Los vivos fueron traídos a la ciudad de Chihuahua para ser vendidos como esclavos, a pesar de que el esclavismo ya había sido legalmente abolido desde la Guerra de Independencia. Los “heroicos mexicanos”, al mando de Joaquín Terrazas volvieron a Chihuahua con las manos chorreando sangre y con alteros de cabelleras sanguinolentas en las alforjas.
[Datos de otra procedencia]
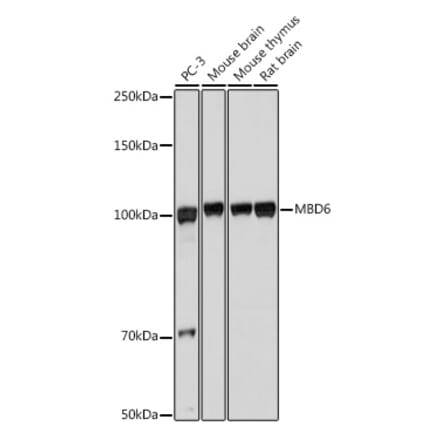 Western Blot - Anti-MBD6 Antibody (A308164) - Antibodies.com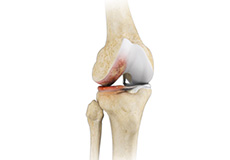 Osteoarthritis Management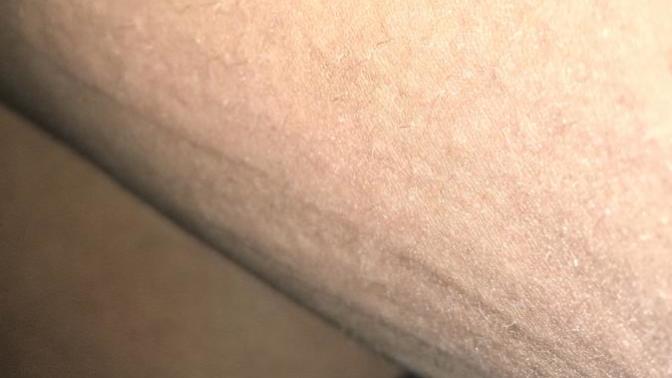 Why are these stretch marks keep appearing and disappearing?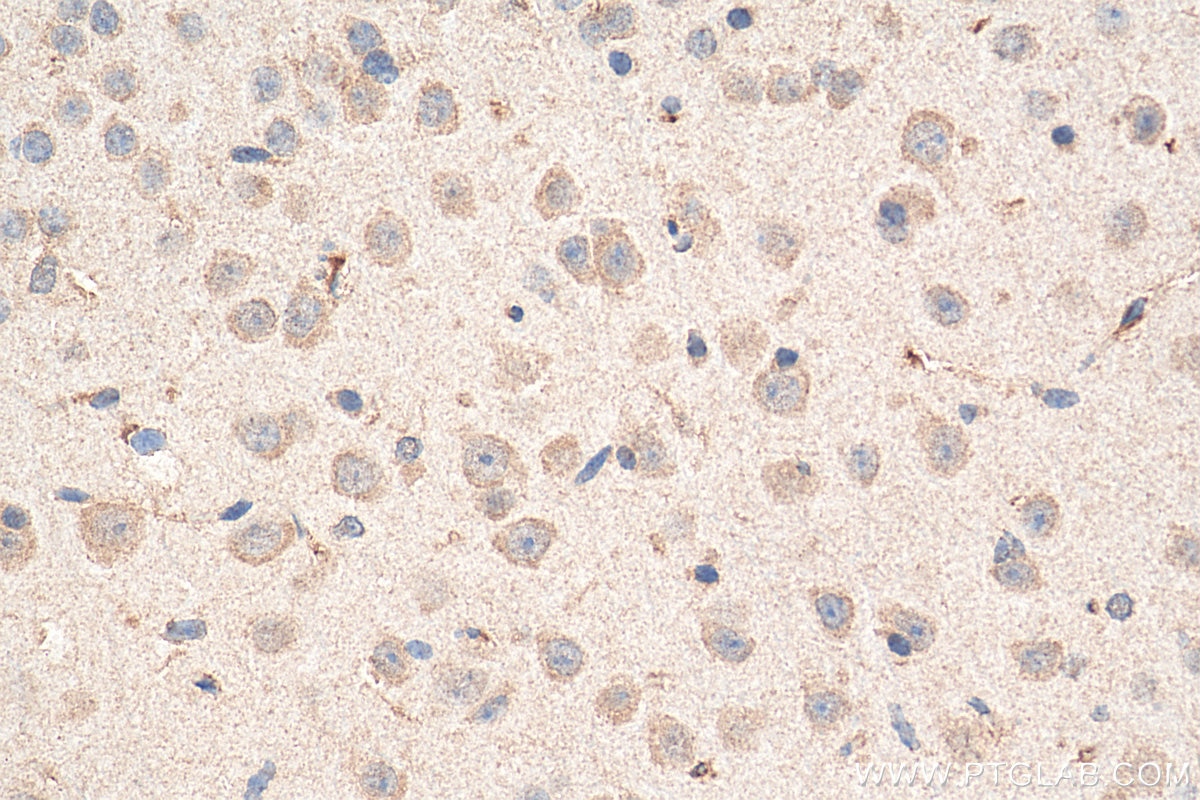 Immunohistochemistry (IHC) staining of mouse brain tissue using Ferritin light chain Monoclonal antibody (68068-1-Ig)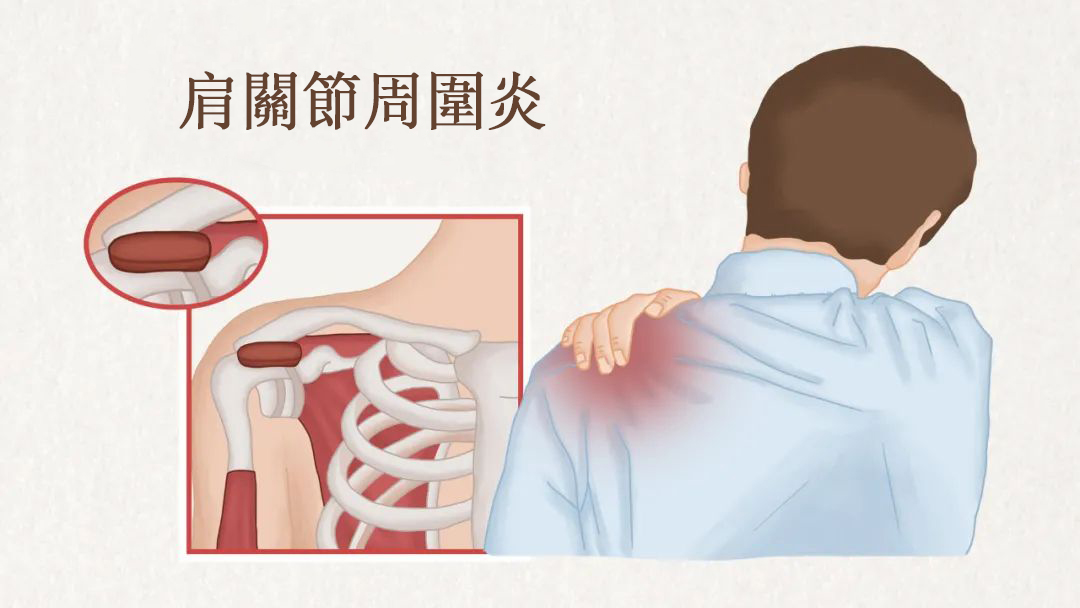 exercise methods for frozen shoulder1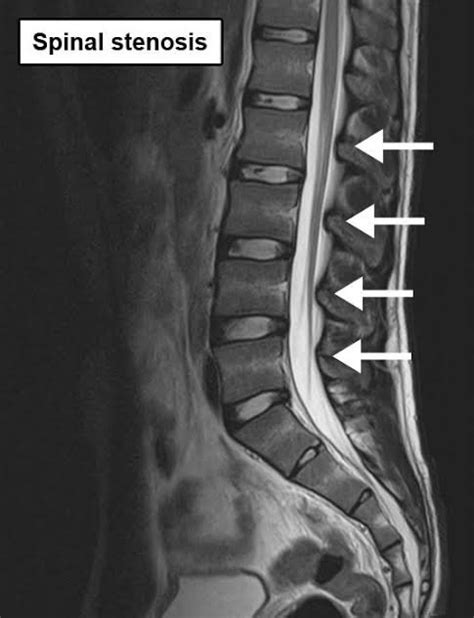 Diagnosis of Spinal Stenosis - PT Master Guide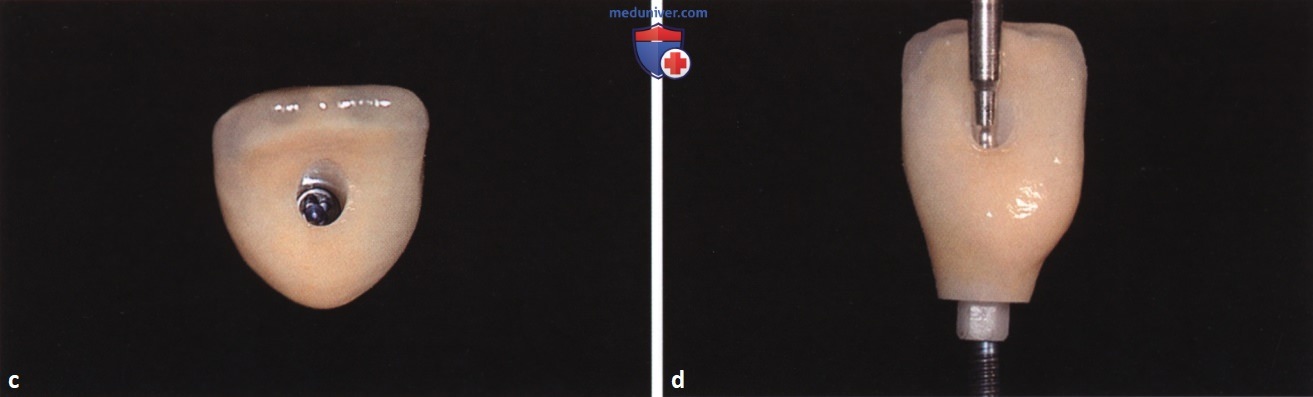 ��������� ��� �������� �������� ������� ��� ����������� � ������� �������� �����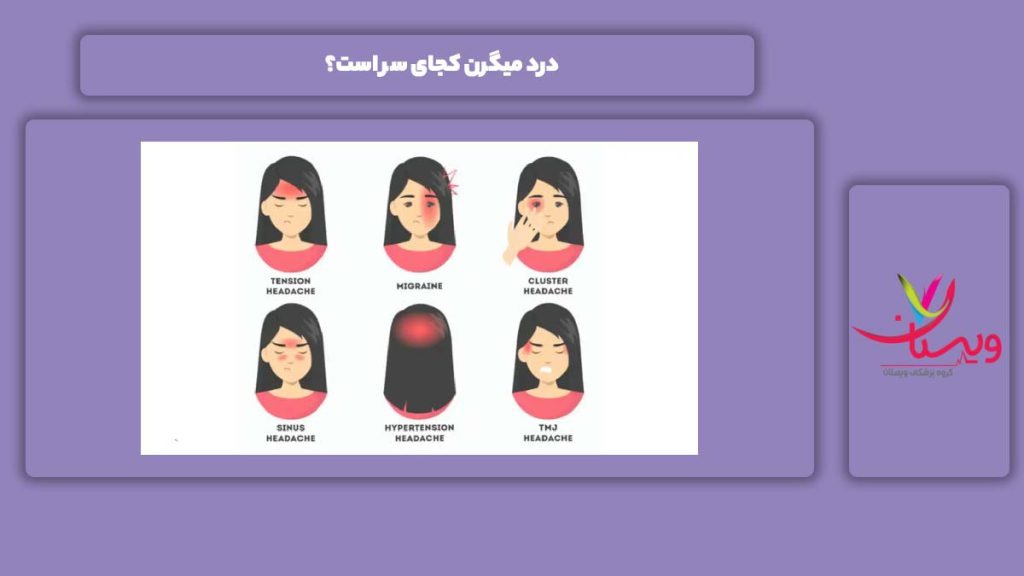 درد میگرن در کجای سر میباشد؟ درد میگرن کجای سر است؟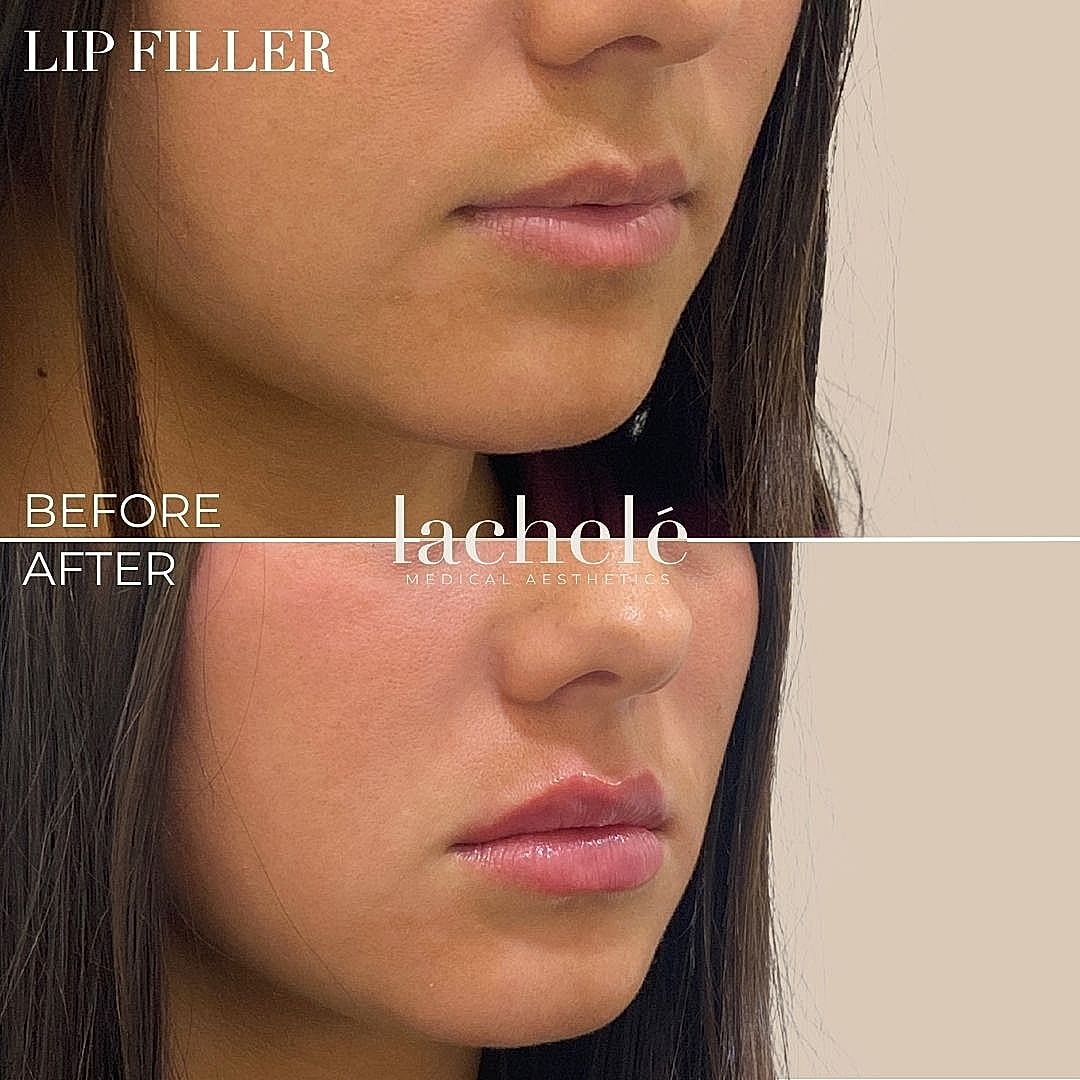 Lip filler before and after transformation.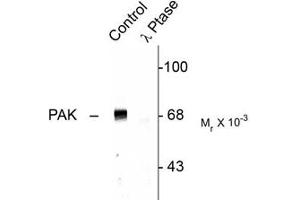 PAK1/2/3 抗体  (pThr423)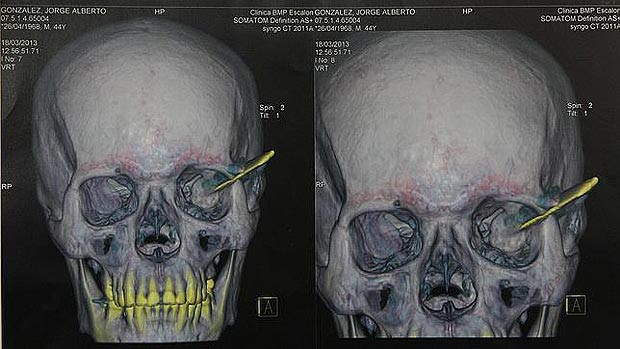 Un barbat a trait timp de 18 ani cu un cutit in cap, dupa ce a fost implicat intr-o bataie de strada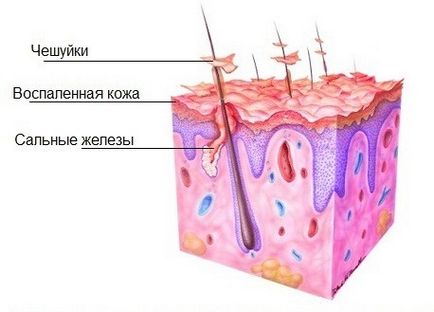 Restaurarea parului la domiciliu cum se face rapid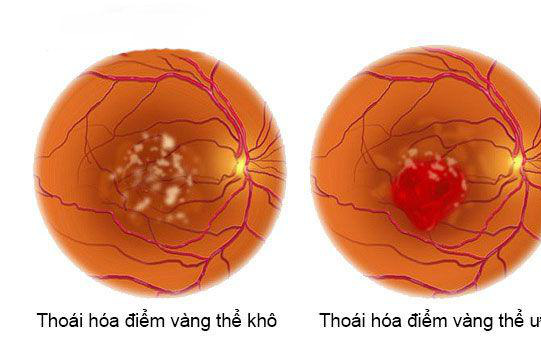 FDA cấp phép thuốc sinh học tương tự lucentis trị bệnh thoái hóa điểm vàng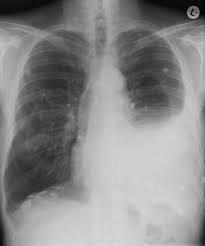 mesothelioma is rare, but in 90 percent of cases of this cancer it causes pleural effusion. Mesothelioma Summary Radiology Reference Article Radiopaedia Org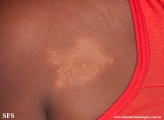 leprosy tuberculoid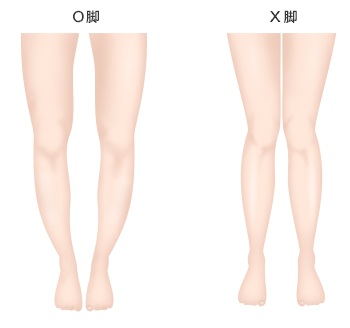 X脚について。
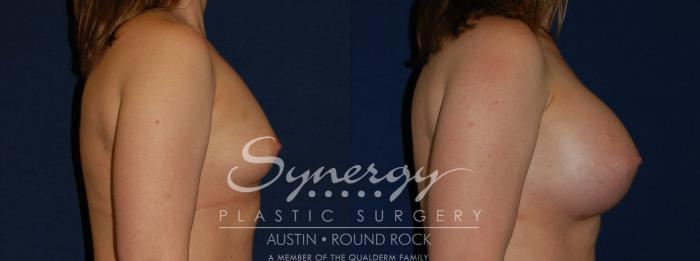 Before & After Breast Augmentation Case 143 View #2 View in Austin, TX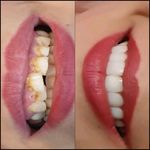 دندانپزشکی دکتر شیرزاد ویسی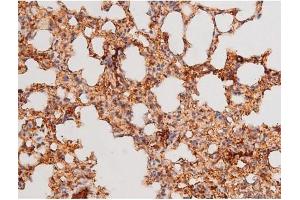 Immunohistochemistry (IHC) image for anti-Forkhead Box O4 (FOXO4) (pThr451) antibody (ABIN6256565)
Los genocidas fueron recibidos como héroes por el gobierno de Luis Terrazas, primo de Joaquín. A todos estos “héroes” les fueron pagadas las recompensas que se ofrecieron por cada cabellera de apache.

LAS ESCALPADAS, BÁRBARA TRADICIÓN

En 1838, el gobierno de Sonora, siguiendo una vieja tradición española, ofreció recompensa por las cabelleras de los apaches, sin discriminar hombres, niños y mujeres. Un año después, en Chihuahua se imitó la medida. Las arcas del gobierno se vaciaban para pagar miles de aquellos sangrientos trofeos de guerra. Vinieron cazadores de recompensas de todos lados, indios incluso. Santiago Kirker fue el más sanguinario, el más famoso, un asesino que cortó centenares de cabelleras de hombres, niños y mujeres. Los apaches, pero incluso indígenas de tribus pacíficas, eran emboscados y asesinados sin piedad. Aparentemente, Joaquín Terrazas fue uno de esos sangrientos carniceros bajo las órdenes de Kirker, según Thrapp.

Las emboscadas se multiplicaron.

En 1850, el Congreso de Chihuahua otorgó legalidad constitucional al exterminio, con las leyes conocidas como “Las Contratas de Sangre” que oficializaban el genocidio. Fueron leyes que hasta el mismo Angel Trías, el gobernador de entonces, consideró contraproducentes, imprácticas y anticonstitucionales. Ese mismo año sucedió la sangrienta carnicería conocida por los apaches como “La matanza de Ramos”, en la que fueron sacrificados las mujeres y los niños de los apaches Chihenne, cuando estaban solos. Un año después sucedió “La Masacre de Janos” en contra de -¡otra vez!- las mujeres y los niños de los apaches Bedonkohes, mientras los guerreros estaban ausentes. En esta última fueron asesinados y mutilados los tres hijos de Gerónimo junto con su madre y su esposa.

La guerra tomó tintes salvajes, entonces.

Ya corría el refrán popular “Ay, Chihuahua, cuánto apache”, y las cabelleras indias comenzaban a cotizarse por arriba de los doscientos pesos.

Hubo muchos, muchos muertos por ambos lados, y mucho odio.

TRES CASTILLOS

El escritor e investigador Carlos Lazcano Sahagún relató acerca de un viaje que hizo al sitio de la matanza de Tres Castillos: “En el cerro sur localicé la pequeña cueva donde fueran abatidos los últimos apaches del grupo de Victorio. Subí a la cumbre de los tres cerros y la vista me maravilló. Medité sobre lo que representaba el sitio; escuché a lo lejos el aullido de un grupo de coyotes: ’Es el aullido de los apaches’, pensé, así habrían aullado al presagio de la muerte, y ver caído a Victorio y velarlo durante toda la noche del 14 de octubre de 1880.

“Cuando me encontraba en la cumbre del cerro del medio, grité con todas mis fuerzas para escuchar algún eco, y para mi sorpresa se escuchó perfectamente bien. El eco me devolvía las imágenes de los apaches en pie de lucha, con los cuerpos pintados y disparando sus rifles y flechas”.